I now hang out with other girls. That is what is so exciting about being a girl, is having girlfriends. We could not drink alcohol just yet, but we drank coffee and mocha and cappuccino. We talked about so many good things. We laughed and we cried together. One of the girls, Michelle, and I became bosom buddies. There were times that we went over to her apartment, and we soon discover the joy of being lesbians and ecstasy at bringing each other to a climax. We talked about boys. Michelle was staunchly a lesbian. I was maybe bisexual. I moved in with her. My family was sad to see me go. It was time to move on. I still visited them.
My first encounter with a boy was a guy named Matt. He and I went on several dates and then he invited me to his apartment. He had wine there, so I imbibed, and had too much. He made love to me, and I did not resist. He must have penetrated me. I did not have periods, but several weeks after our intercourse, I found myself nauseous. I finally went and had myself tested. I was pregnant. How could this be? I contacted TransformU, and they acknowledged that they sometimes included an ovum. An ovum typically exists for only 12 to 24 hours, but they had discovered a way to preserve it inside a nanobot. I was pissed. How dare they do this to me! I thought about a D and C, but then I thought, “Why not have a baby?” I was a girl.

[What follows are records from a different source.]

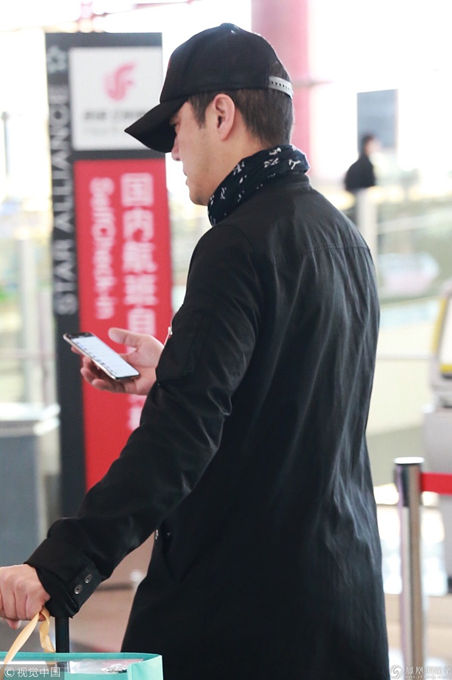 李亚鹏亮相机场 黑衣低调手机刷不停
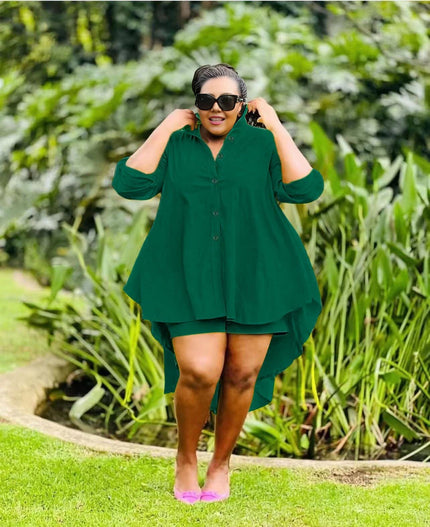 Green high-low tunic with buttons and matching shorts, draped asymmetric hem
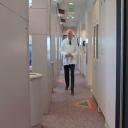Dr. Steven Reeves in the hallway of his dental office in Des Moines WA 9819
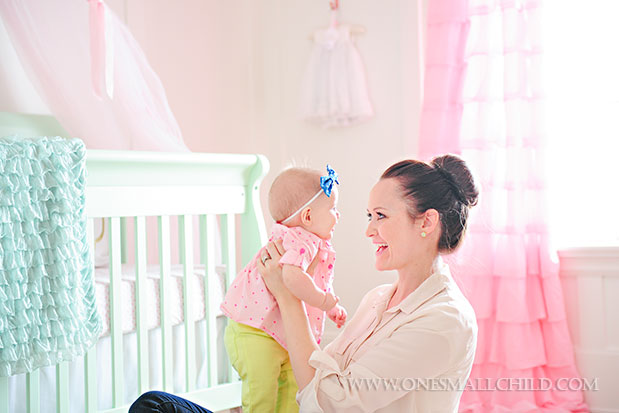 Cute baby Lyla with her mommy in her beautiful pink and aqua baby room | See the entire nursery at One Small Child: www.onesmallchild.com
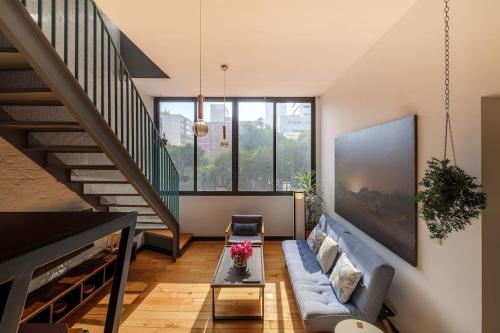 a living room with a couch and a staircase at Deluxe Apartment W Private Terrace Reforma Av in Mexico City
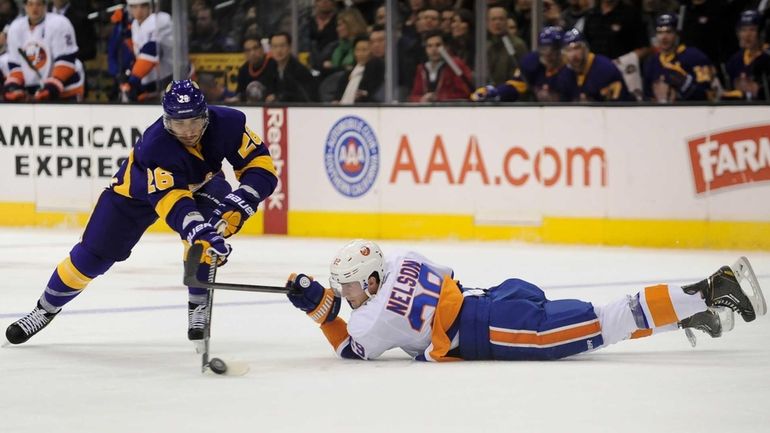 Islanders center Brock Nelson battles for possession with Los Angeles...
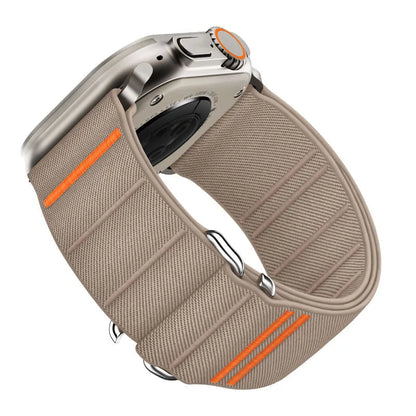 Elastic nylon Apple Watch band in Army Green with stainless steel buckle, shown on a wrist.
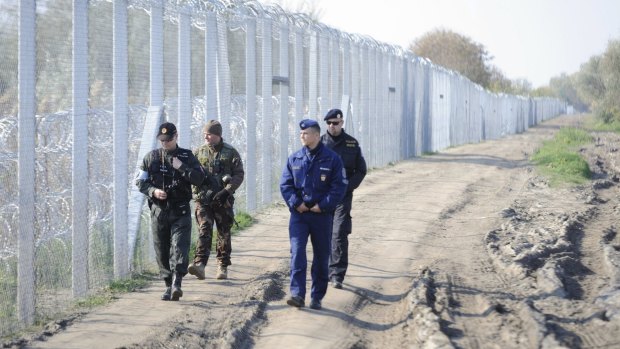 A Slovakian policeman, left, a Hungarian police officer, right, a Hungarian soldier, second left, and a Czech policeman patrol along the temporary border fence on the Hungarian-Serbian border near Roszke.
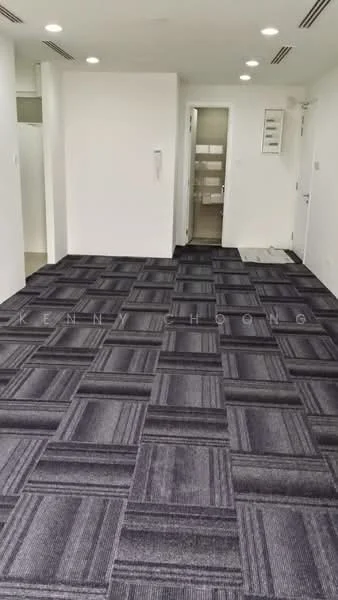 Room features: grey carpet flooring with patterned design, white painted walls, recessed downlights, doorway leading to another room, wall-mounted intercom, air conditioning vent, multiple ceiling lights; style: modern.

I won’t drag you through all the ins and outs of my pregnancy. My morning sickness lasted for a couple of months. I was at about five months when I started feeling the baby kicking. What a strange sensation to have someone living inside you. I opted to go with a natural childbirth. I knew that there would be some pain, but I thought, “Why not have a baby naturally?” So, I had a few false starts with Braxton-Hicks contractions, but, hey, why not have a few practice runs to the hospital? Finally, the day came, actually night, when I went to the hospital for real. Labor was a bit rough, but nothing to complain about. I was blessed with a baby girl, who I named Michelle after my bosom buddy. She had blonde hair just like me.
I was surprised, but my nanobot breasts actually produced milk. My breasts were a size E for a time. That was a really strange experience, having a baby sucking on my nipples. My daughter is now a precocious four-year-old. Whatever possessed me to write out my experience with TransformU for you to read? I don’t know. I guess I just wanted someone to know what a delightful experience it has been. Oh, it is unbelievable and incredible, and I had a few rough spots, but I would still do it all over again. Should you try TransformU? Only if you are willing to go through an uncomfortable hour of transition and have people doubt your real identity and go through the challenging process of getting your identity changed. But it is worth the trouble.
One more thing. I need to tell you about Amanda and me. We would get together regularly for a bite to eat. One day, Amanda confided in me that she was uncomfortable with her gender. She was now a senior in high school, almost the age when I transitioned. She asked me, “What should I do?” I said, “You could take the route I took, but it’s expensive, you don’t have a good paying job yet, and there is all the trouble getting people to believe you. It’s almost worth it to go the usual road of transitioning, which involves hormonal treatment and surgery. I think you should have a heart-to-heart talk with Mom and Dad. “But you turned out so good.” “Maybe your parents would help you. Just remember to get fingerprinted first.” She smiled.